Lane believes the teachers union is desperate to prevent Emanuel from establishing “a pay-for-performance beachhead in the nation’s third-largest school district,” which “would send a message across the country.”
 
If the CTU can stop merit pay in Chicago, that “would reverberate well beyond Chicago, too,” he writes.
 
(Many education reformers support paying effective classroom teachers more than their so-so peers.
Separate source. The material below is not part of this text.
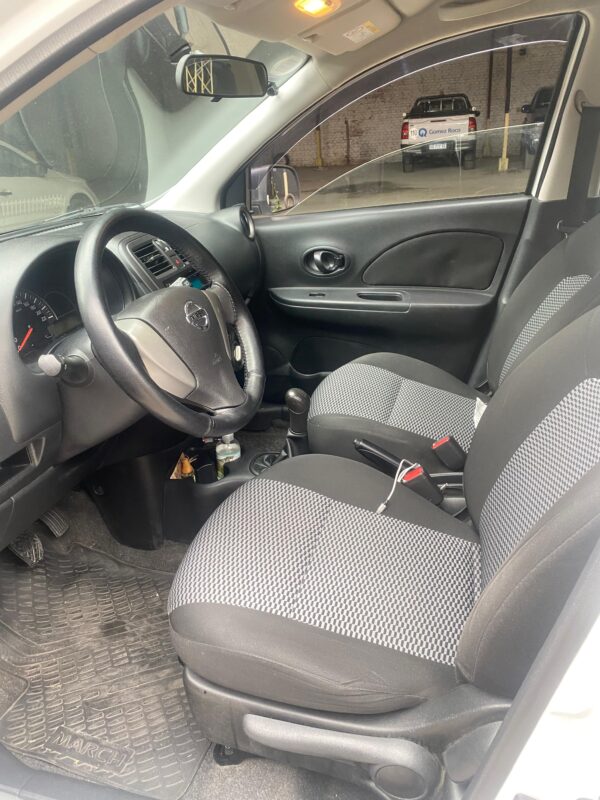 Nissan March Active Pure Drive - Image 7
Teacher unions reject any merit-based pay plans because they undercut union orthodoxy that all teachers are equal and interchangeable.)
 
Lane concludes his editorial by wondering aloud whether the CTU should have any power over how the school district operates.
 
“Some wonder why Emanuel doesn’t just give the teachers half a loaf, so the kids can go back to class,” Lane writes.
 
“The real question is how things got to the point where the mayor isn’t legally free to drop one of his F-bombs on the Chicago Teachers Union and hang out a Help Wanted sign for new teachers – pay, benefits and work rules to be set by elected officials, in accordance with the public interest, period.” 
 
Nobody knows which side will prevail in the Chicago teachers strike, but one thing seems clear: By behaving like a group of whiny, self-centered children, the CTU is turning a large number of Americans against teacher unions.
 
And remember, this is only the second day of the strike.